* Collection entries *
↓↓↓
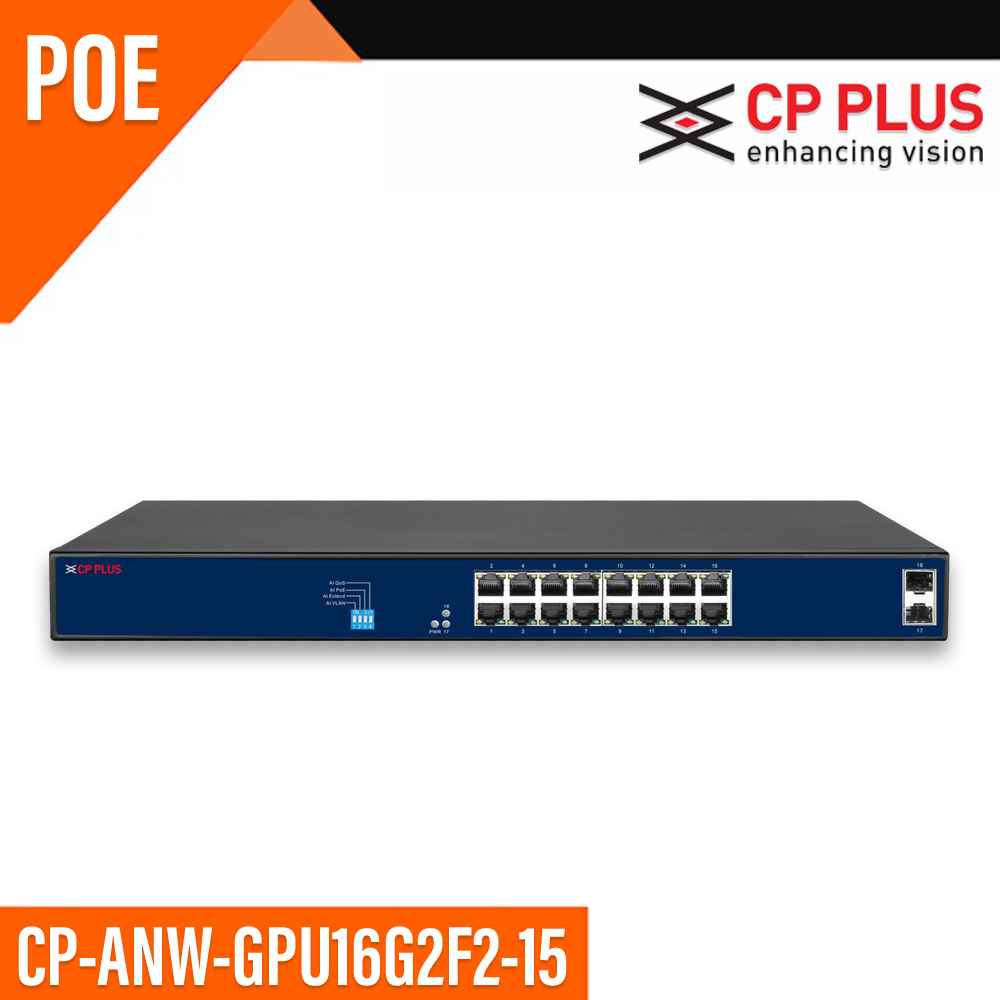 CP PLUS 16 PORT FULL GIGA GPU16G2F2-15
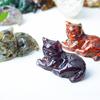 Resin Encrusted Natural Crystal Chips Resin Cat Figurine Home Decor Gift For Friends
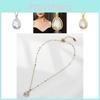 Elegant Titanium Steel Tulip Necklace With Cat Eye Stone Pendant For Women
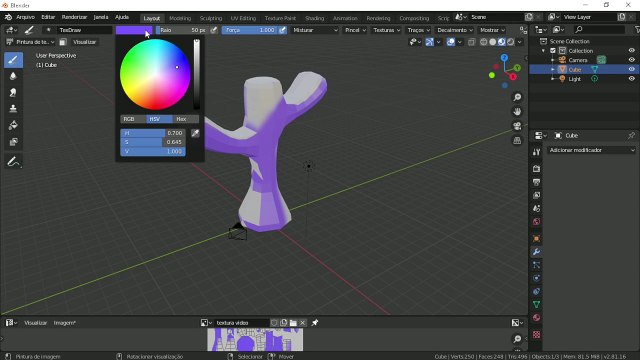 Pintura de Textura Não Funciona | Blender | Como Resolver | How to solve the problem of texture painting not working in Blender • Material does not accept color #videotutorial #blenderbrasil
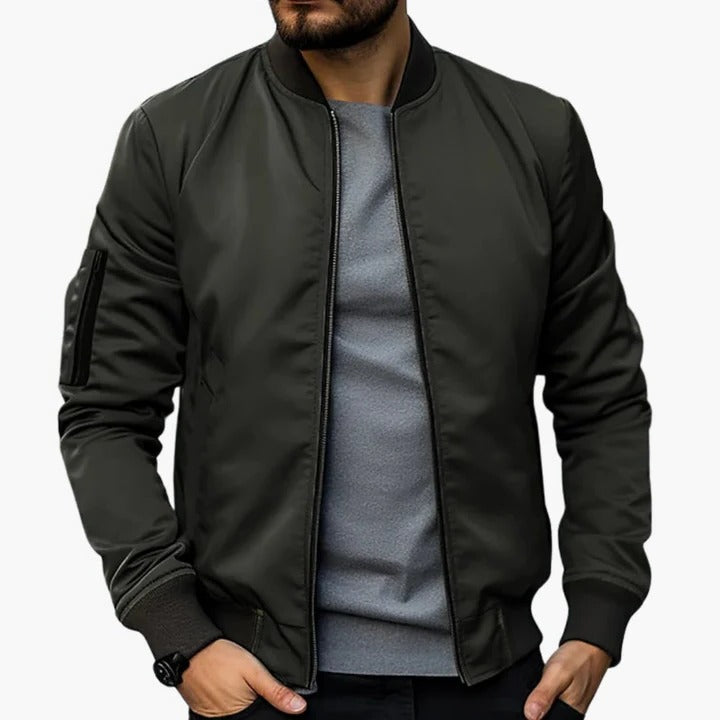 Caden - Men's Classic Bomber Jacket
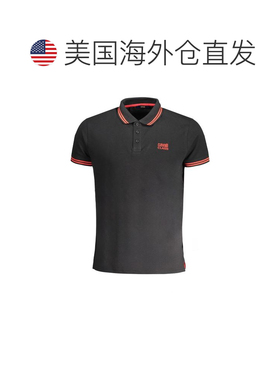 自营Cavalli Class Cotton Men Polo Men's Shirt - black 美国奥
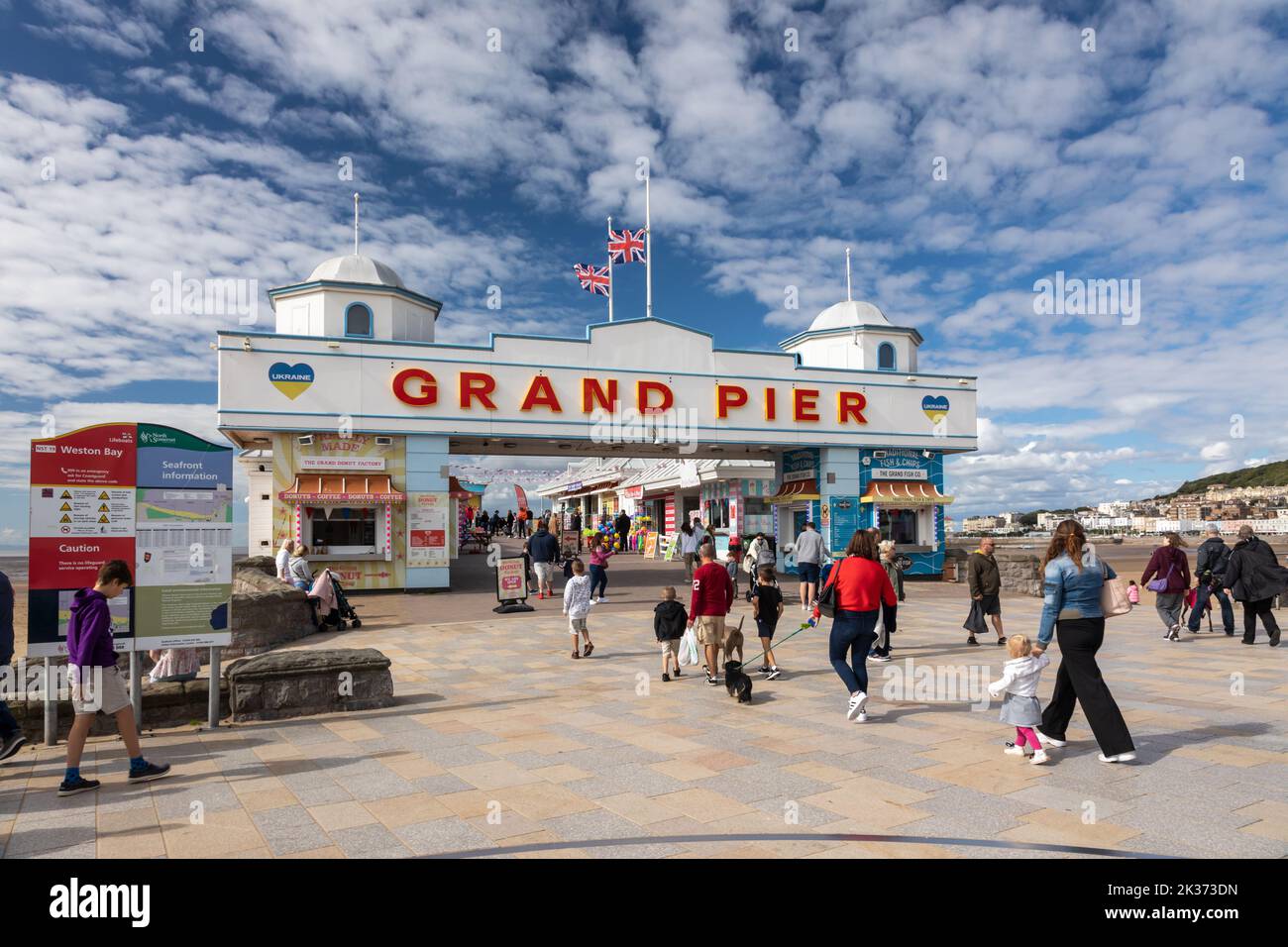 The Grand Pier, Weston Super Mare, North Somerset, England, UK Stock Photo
↑↑↑
* THE TASK *
Please restate the data word for word, leaving out any picture it holds.

* RESULT OF THE EXERCISE *
 CP PLUS 16 PORT FULL GIGA GPU16G2F2-15
 Resin Encrusted Natural Crystal Chips Resin Cat Figurine Home Decor Gift For Friends
 Elegant Titanium Steel Tulip Necklace With Cat Eye Stone Pendant For Women
 Pintura de Textura Não Funciona | Blender | Como Resolver | How to solve the problem of texture painting not working in Blender • Material does not accept color #videotutorial #blenderbrasil
 Caden - Men's Classic Bomber Jacket
 自营Cavalli Class Cotton Men Polo Men's Shirt - black 美国奥
 The Grand Pier, Weston Super Mare, North Somerset, England, UK Stock Photo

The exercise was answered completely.